The Jamshidi was aimed towards the femoral neck. Using a 260 gram mallet, the Jamshidi was gently and carefully advanced approximately 2.0-3.0 cm across the cortical iliac bone and into the core of the anterior pillar. (Figure 1) The obturator was removed revealing the expected slow, but immediate egress of bone marrow. Six 9-10 ml syringes were used to aspirate bone marrow in sequential fashion with care taken to reposition the needle tip with rotation and/or advancement using a fanning technique after each 9-10 ml aspiration to ensure the most efficient mesenchymal cell capture from the marrow. 10 mL of marrow aspirate was extracted last for Arthrex® thrombinator processing to extract autologous thrombin for scaffold activation and platelet degranulation. Following completion of the bone marrow aspiration the Jamshidi obturator was replaced and the Jamshidi was removed uneventfully.

Figure 1: Aspiration autologous bone marrow concentrate.

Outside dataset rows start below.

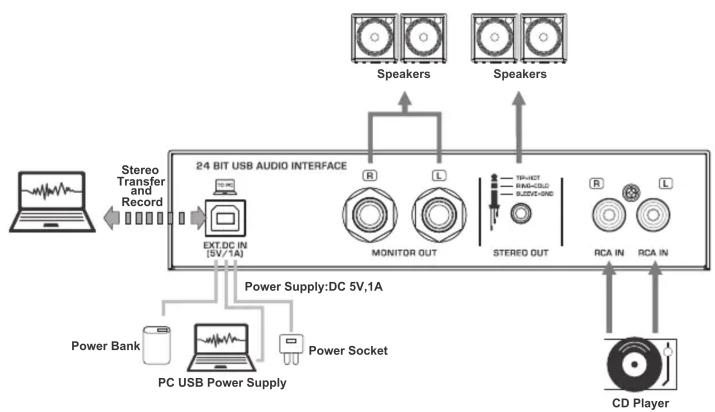 Pyle PMUX9 - Precautions when using the USB 2.0 and 5V DC terminals - 1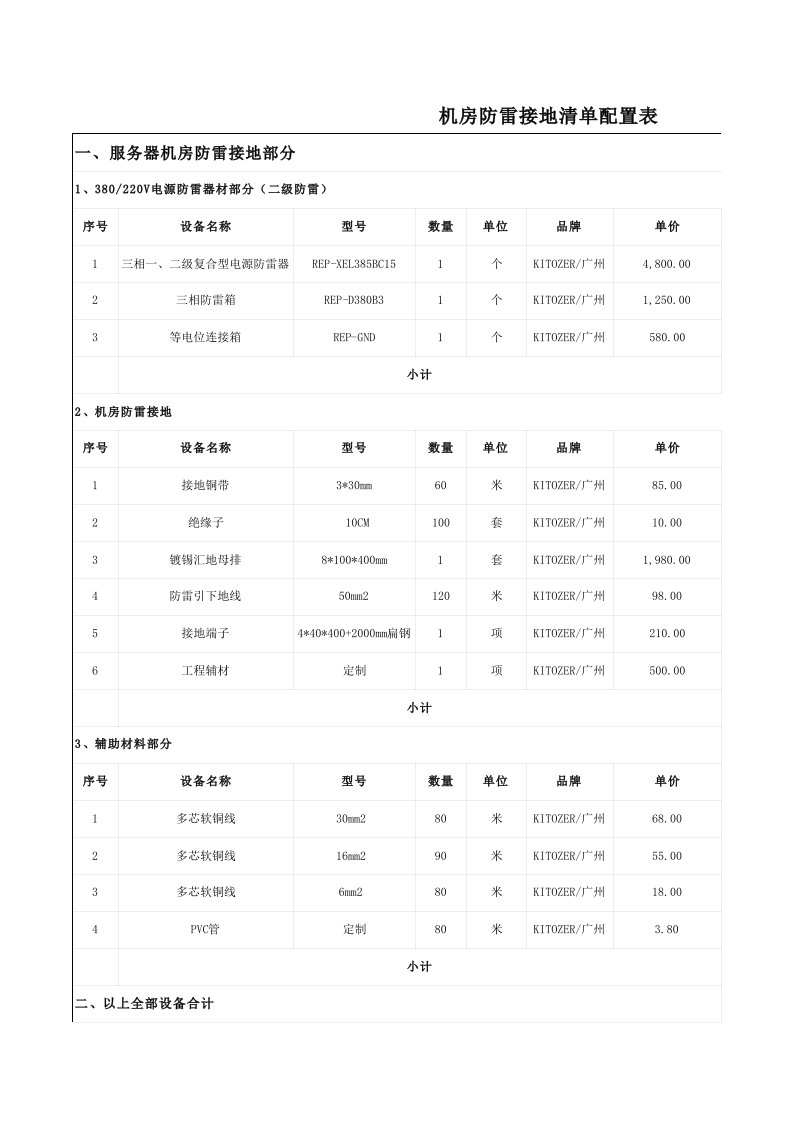 机房防雷接地清单配置表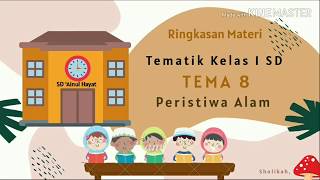 Video Download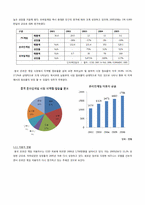 [글로벌기업사례] 한국과 중국 온라인게임산업 비교를 통한 국내 온라인게임산업의 경쟁력 제고 방안-7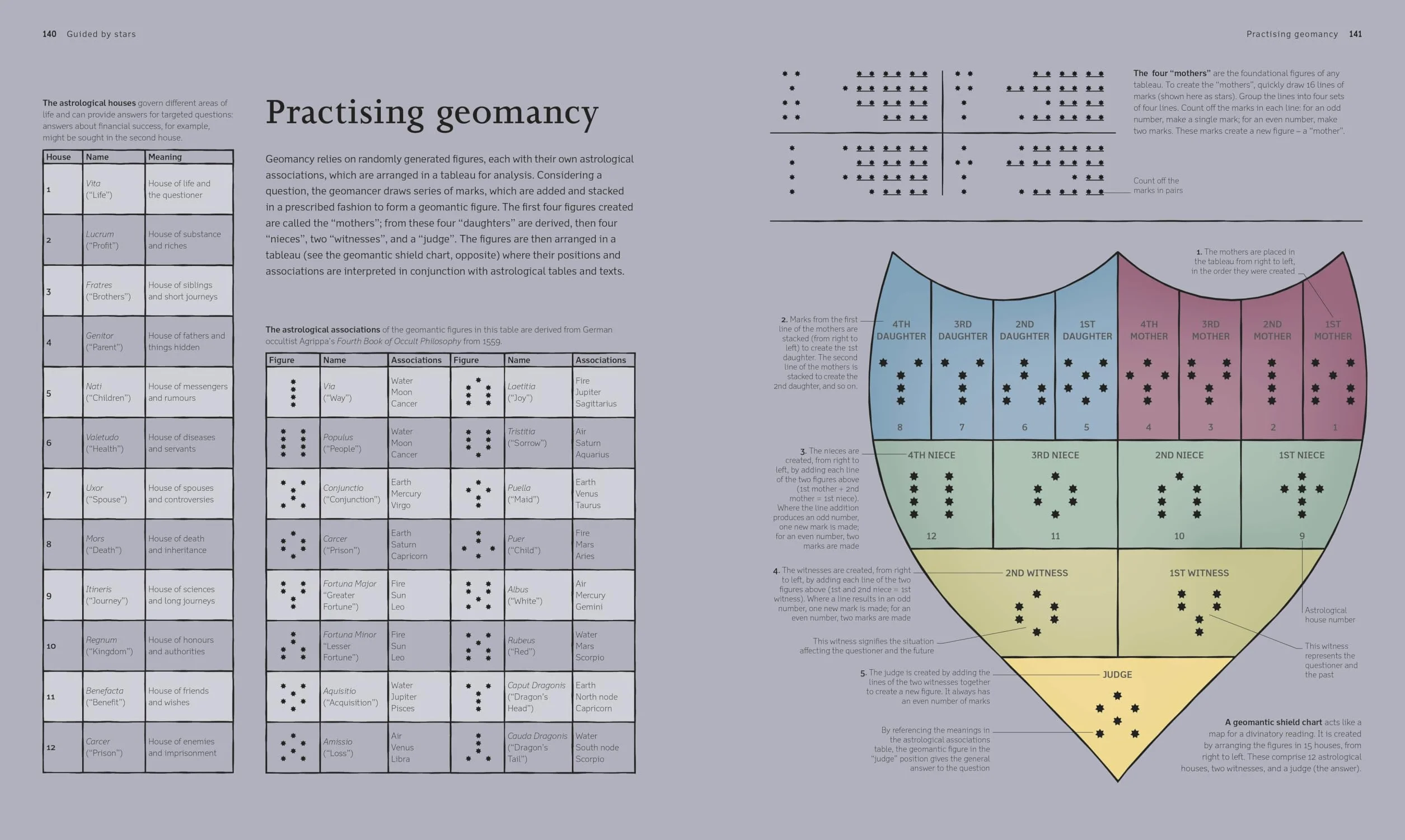 A History of Astrology, Divination and Prophecy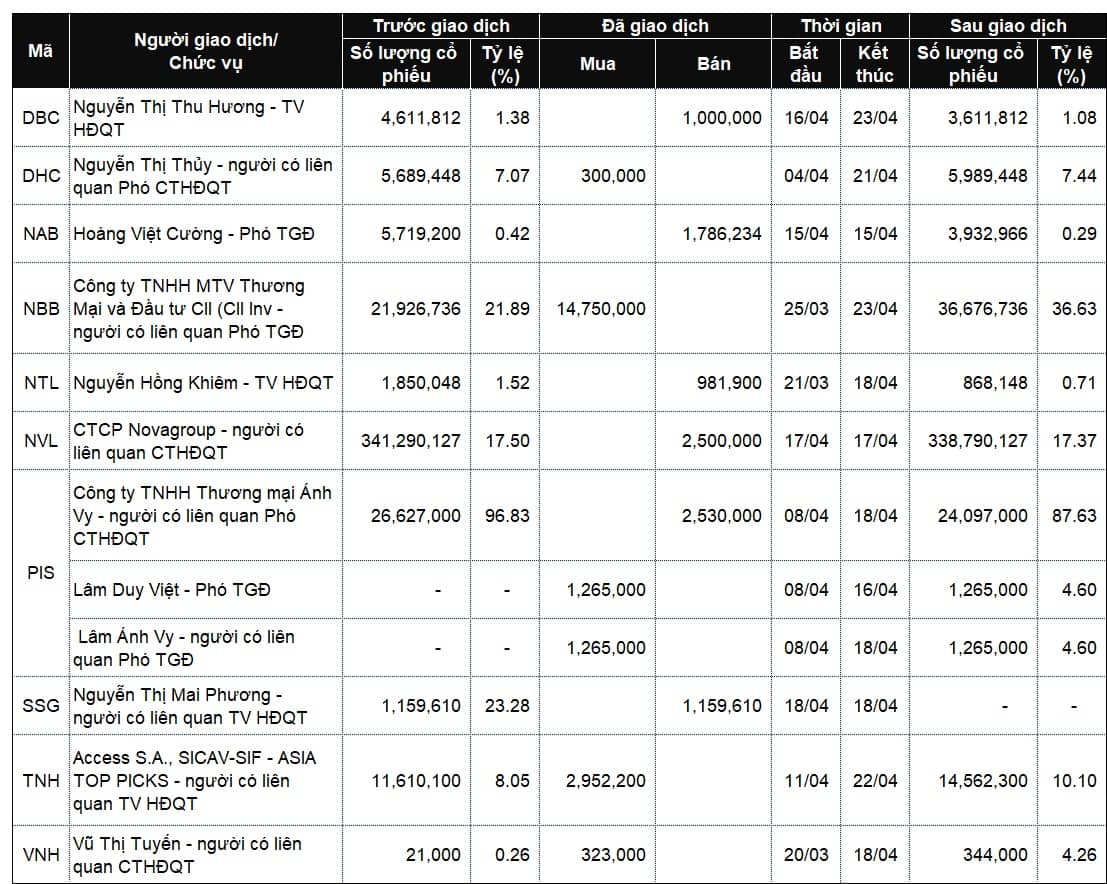 Thị trường hồi phục, nhiều lãnh đạo “thoát hàng”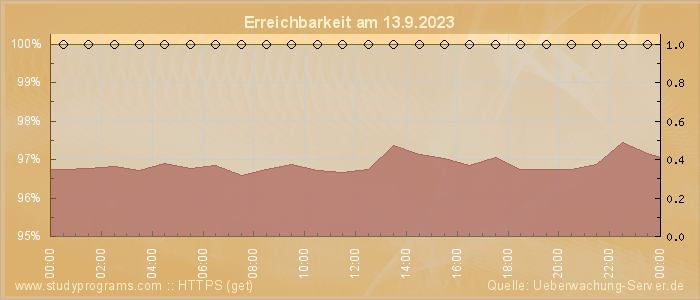 Grafik der Erreichbarkeit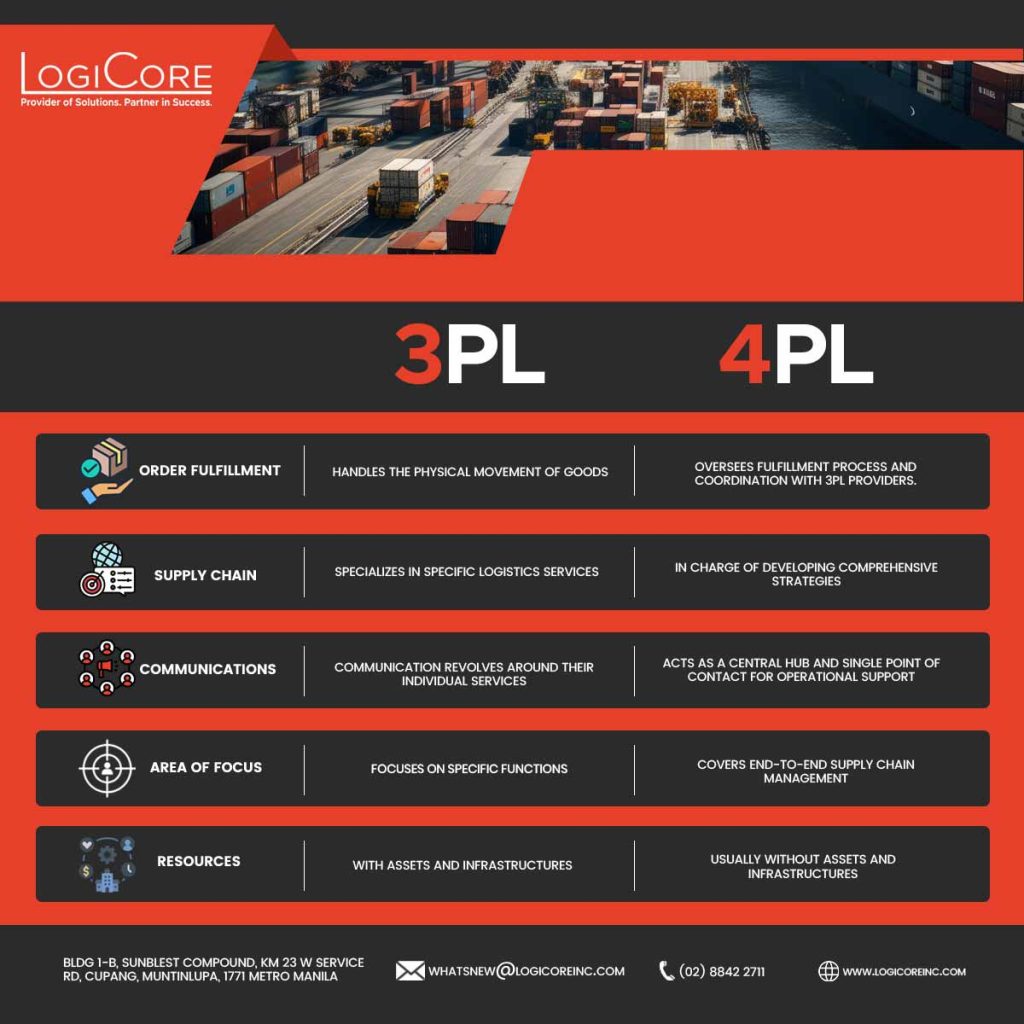 table comparing the differences between 3pl and 4pl logistics services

Pressure was held for 2-3 minutes followed by application of a sterile pressure dressing with 2% Bactroban ointment on a flexible fabric band-aid. The wound was checked prior to discharge of the patient from the clinic and noted to be dry in each case. The syringes totaling approximately 60 ml autologous marrow were sequentially handed off as drawn to the assistant who immediately injected them through the clot/particulate filter into the sterile Arthrex® Angel cell processor in preparation for isopycnic centrifugation (Arthrex Corporation, Naples, FL). The cell separator component of the procedure was activated for approximately 25 minutes to achieve three distinct layers of product put out by the Angel®. The Angel® separator produces BMC in isolation from platelet poor plasma containing growth factors that were then concentrated. Upon completion of final centrifugation, following removal of the 6 mL cellular component, the platelet poor plasma fraction was then complexed with Euflexa® Hyaluronic acid 2.5 mL to capture and activate TSG-6. Next the PPP was actively passage through the A2M nanofilter (Minntech®, Minneapolis, MN) to capture and concentrate the GFC into a total of 4 mL ensuring elimination by size of sub 65 kD pro-inflammatory nanomolecules. Next the 6 mL of BMC was transferred to the syringe containing 4 mL GFC. The autologous thrombin was kept in a separate syringe for intra-articular injection.

A superolateral injection site was used in each case with ultrasound confirmation. BMC and GFC fractions were co-administered followed by 2 ml Thrombin injection and platelet activation.

The knee was then placed through a range of motion including flexion, extension and patellofemoral mobilization. Patients were all ambulatory after their procedure and the medial unloaded brace was applied prior to their leaving the clinic.

Patients all underwent a physical therapy protocol that we have published elsewhere previously [17].

Results

We evaluated the outcomes data including validated, accurate patient reported outcome measures for a subset of patients with varus gonarthrosis consisting of 42 patients with an average follow up of 20 months after receiving a single intra-articular injection of autologous bone marrow concentrate for osteoarthritic knee pain and catabolic knee pain syndrome. Average patient age was 75. Eight patients had bilateral symptoms for a total of 46 knees available for study analysis.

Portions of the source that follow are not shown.